%%
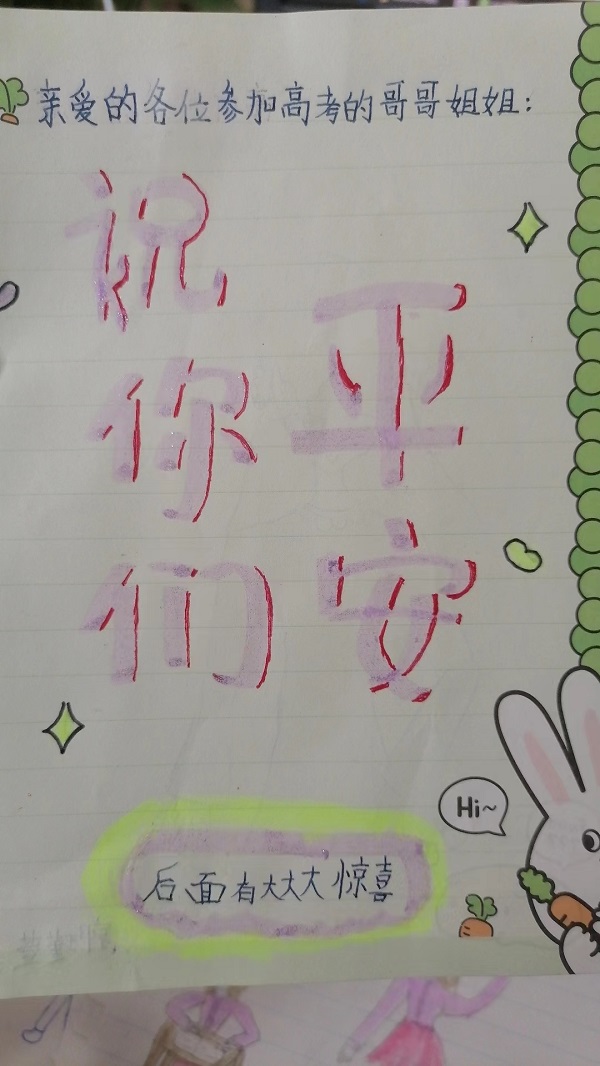 b4ca471e1594d539e2d5772548650bd.jpg b4ca471e1594d539e2d5772548650bd.jpg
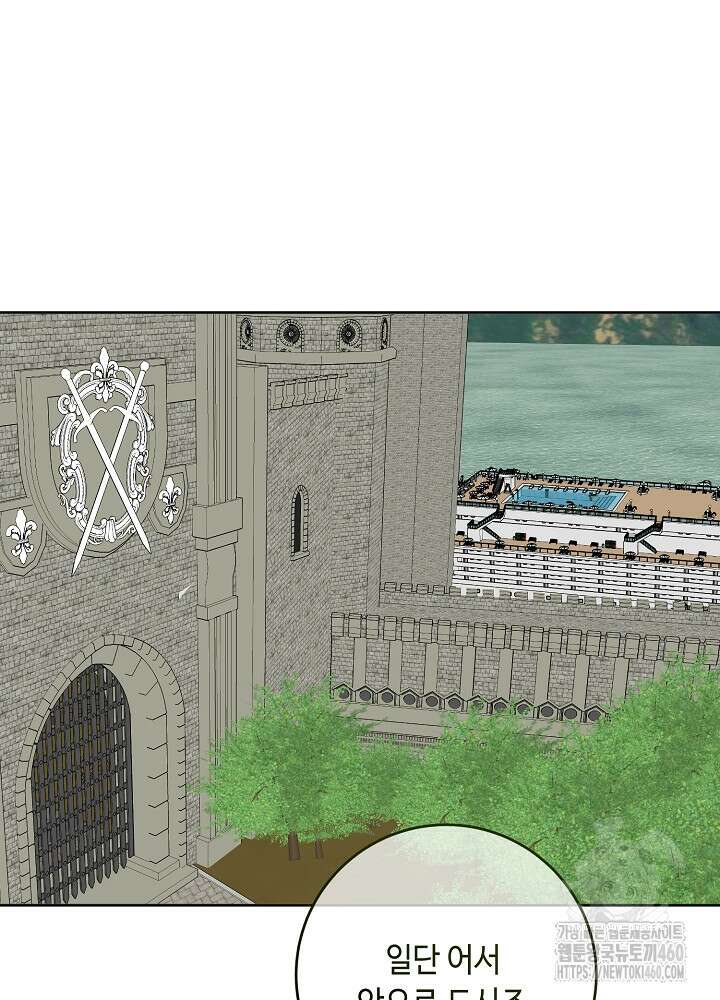 자격 미달 황후라 죄송합니다 75화 3
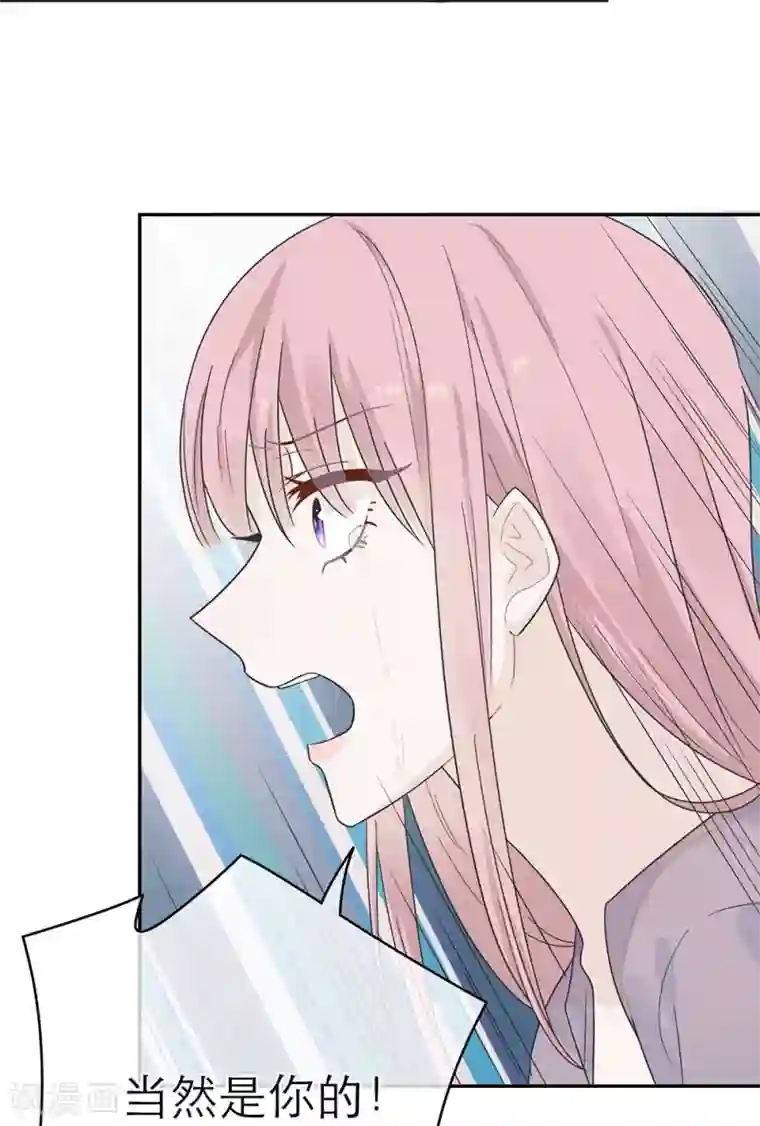 恋人的2种打开方式第34话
%%
WORK ORDER » Copy the data above word for word. Pictures stay out.

WRITTEN ANSWER »
 b4ca471e1594d539e2d5772548650bd.jpg b4ca471e1594d539e2d5772548650bd.jpg
 자격 미달 황후라 죄송합니다 75화 3
 恋人的2种打开方式第34话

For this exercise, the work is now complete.